◆ **Available data**:
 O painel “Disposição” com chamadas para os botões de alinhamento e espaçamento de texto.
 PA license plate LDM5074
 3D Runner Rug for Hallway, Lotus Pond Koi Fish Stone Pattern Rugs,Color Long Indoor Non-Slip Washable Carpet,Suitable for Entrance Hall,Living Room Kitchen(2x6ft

---

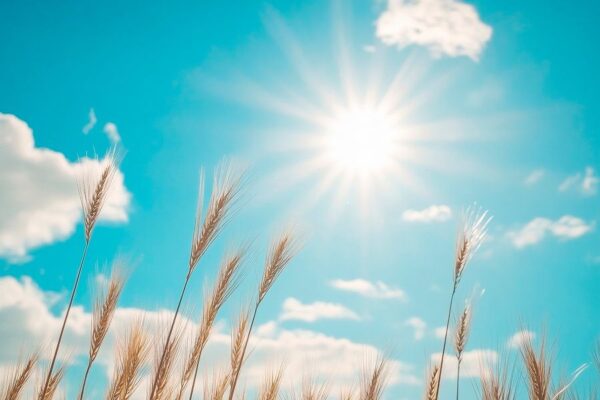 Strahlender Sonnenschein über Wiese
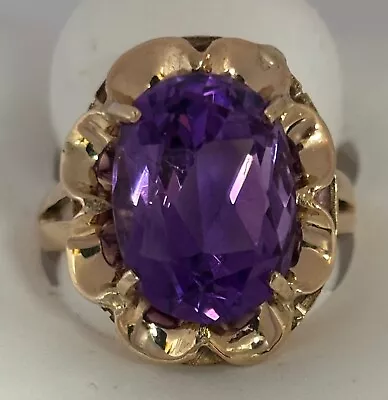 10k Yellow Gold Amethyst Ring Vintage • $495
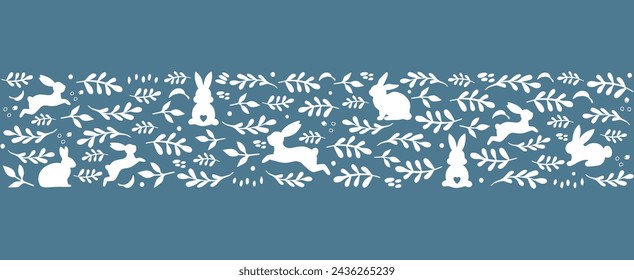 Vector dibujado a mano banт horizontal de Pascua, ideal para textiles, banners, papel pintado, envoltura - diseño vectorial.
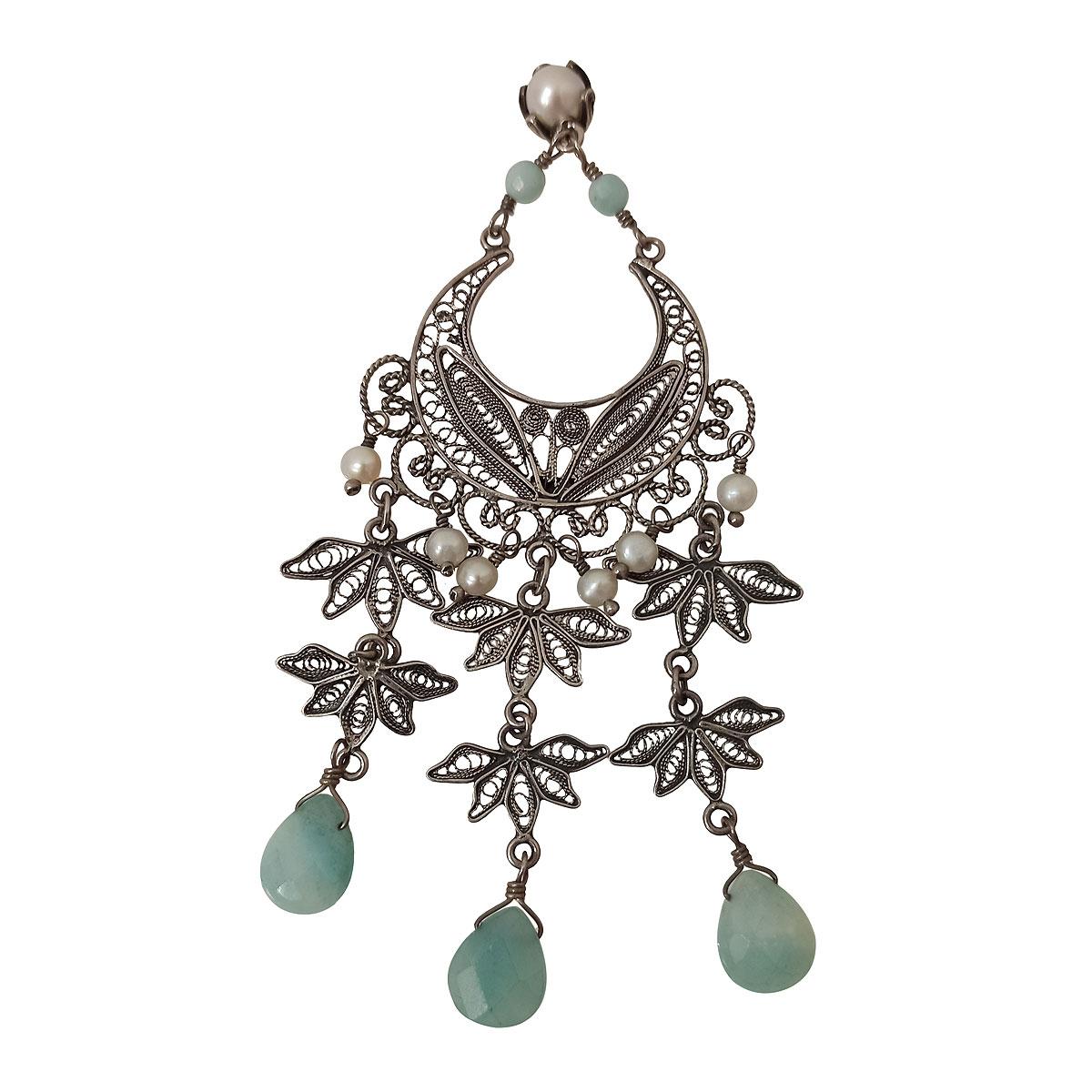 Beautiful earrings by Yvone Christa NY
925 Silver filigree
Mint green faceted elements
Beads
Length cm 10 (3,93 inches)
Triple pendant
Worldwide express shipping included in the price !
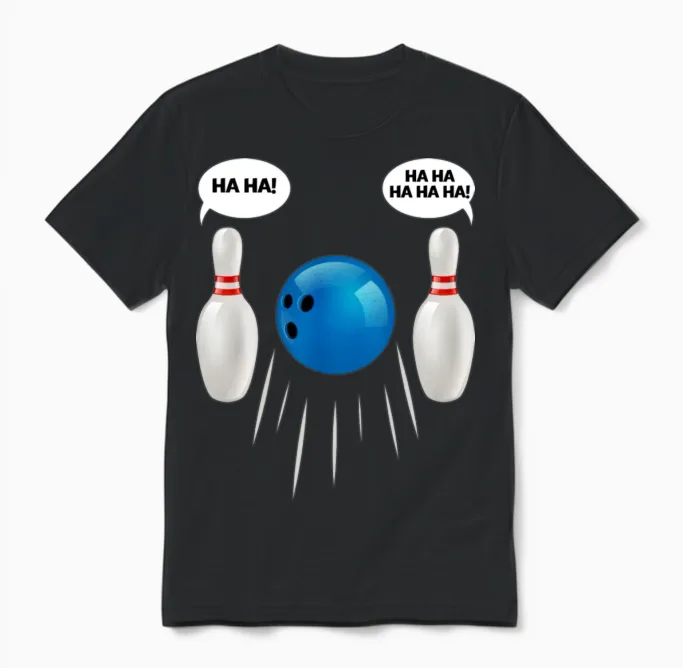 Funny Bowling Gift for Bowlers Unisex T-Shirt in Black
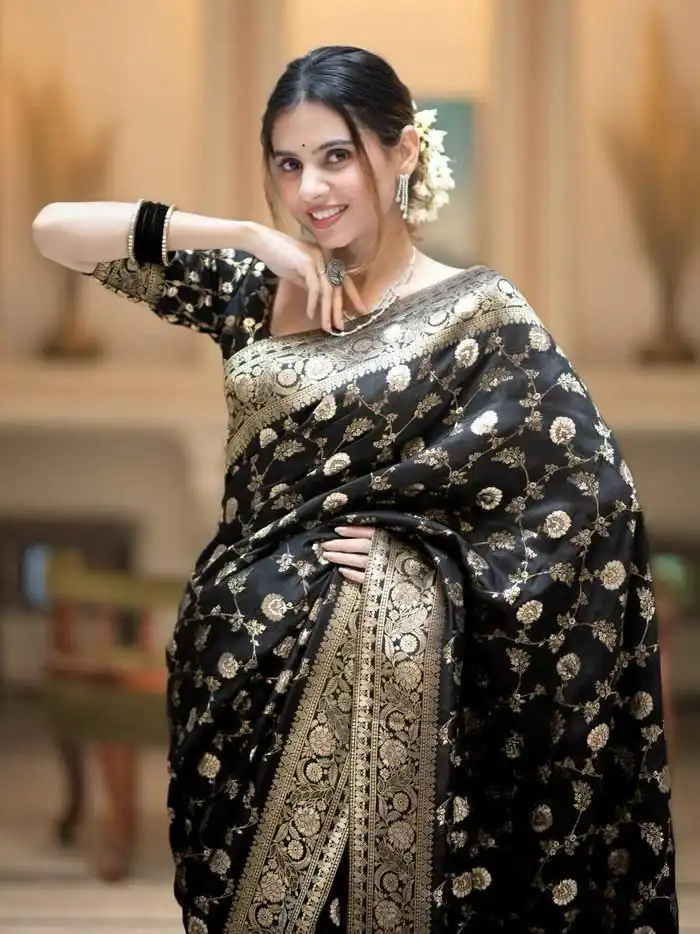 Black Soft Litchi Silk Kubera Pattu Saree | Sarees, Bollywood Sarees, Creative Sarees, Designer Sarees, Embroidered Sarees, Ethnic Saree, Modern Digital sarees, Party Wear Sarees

◆ **Exercise aim**: Using the data above, print exactly the lines from the line that contains "espaçamento de texto." through the line that contains "3D Runner Rug", with both included.

◆ **Output**:
 O painel “Disposição” com chamadas para os botões de alinhamento e espaçamento de texto.
 PA license plate LDM5074
 3D Runner Rug for Hallway, Lotus Pond Koi Fish Stone Pattern Rugs,Color Long Indoor Non-Slip Washable Carpet,Suitable for Entrance Hall,Living Room Kitchen(2x6ft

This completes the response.